🤖 AI Summary
Existing chemical language models typically require domain-specific pretraining, limiting data efficiency and generalizability in reasoning across diverse experimental tasks.
Method: We propose a novel paradigm for building high-performance chemical reasoning models via post-training only—eliminating the need for domain-specific pretraining. Leveraging the Mistral-Small-24B architecture, we apply reinforcement learning–based chain-of-thought fine-tuning on over 640,000 experimentally annotated chemistry problems, enabling joint natural-language and SMILES-based structural reasoning across 375 experiment-driven tasks—including synthetic feasibility, pharmacokinetics, receptor activity, and odor prediction.
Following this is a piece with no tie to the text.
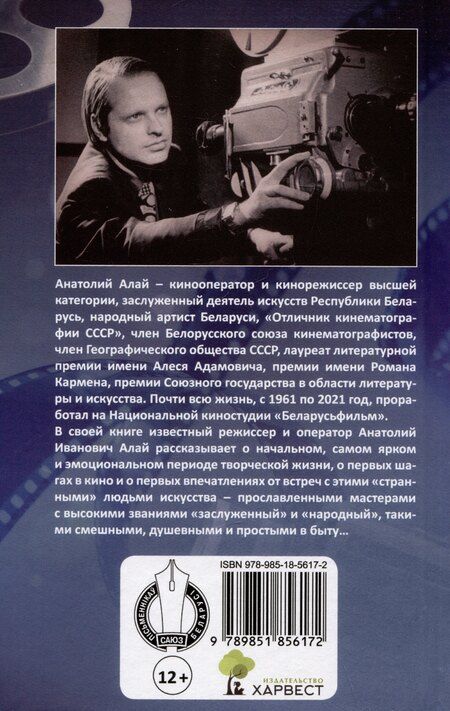 Фотография книги "Анатолий Алай: Потерянный рай, или О том, что дорого, - помнится"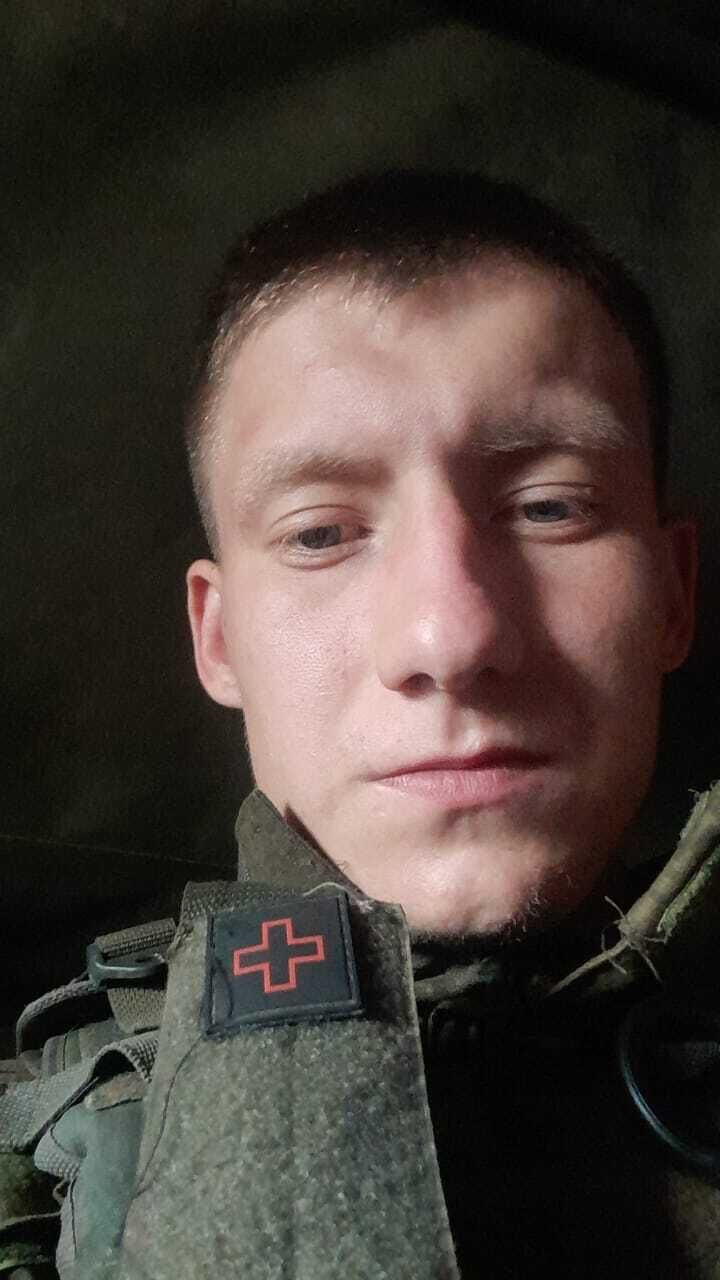  45906206  , 23 ,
Contribution/Results: This work achieves, for the first time, zero-domain-pretraining chemical reasoning modeling. Our data efficiency exceeds that of specialized models by over one order of magnitude. The resulting model, ether0, outperforms state-of-the-art general-purpose and multimodal chemical foundation models—and even human experts—on molecular design benchmarks.
📝 Abstract
Reasoning models are large language models that emit a long chain-of-thought before answering, providing both higher accuracy and explicit reasoning for their response. A major question has been whether language model reasoning generalizes beyond mathematics, programming, and logic, where most previous work has focused. We demonstrate that reasoning models can be post-trained for chemistry without additional domain pretraining, and require substantially less data compared to contemporary domain-specific models. We report ether0, a 24B parameter LLM (based on Mistral-Small-24B) that can reason in natural language and respond with chemical structures. This reasoning model was trained with reinforcement learning on 640,730 experimentally-grounded chemistry problems across 375 tasks ranging from synthesizability, to blood-brain barrier permeability, to human receptor activity, to scent. Our model exceeds general-purpose chemistry models, frontier models, and human experts on molecular design tasks. It is also more data efficient relative to specialized models. We anticipate that this method can be applied to train data-efficient language models specialized for tasks across a wide variety of scientific domains.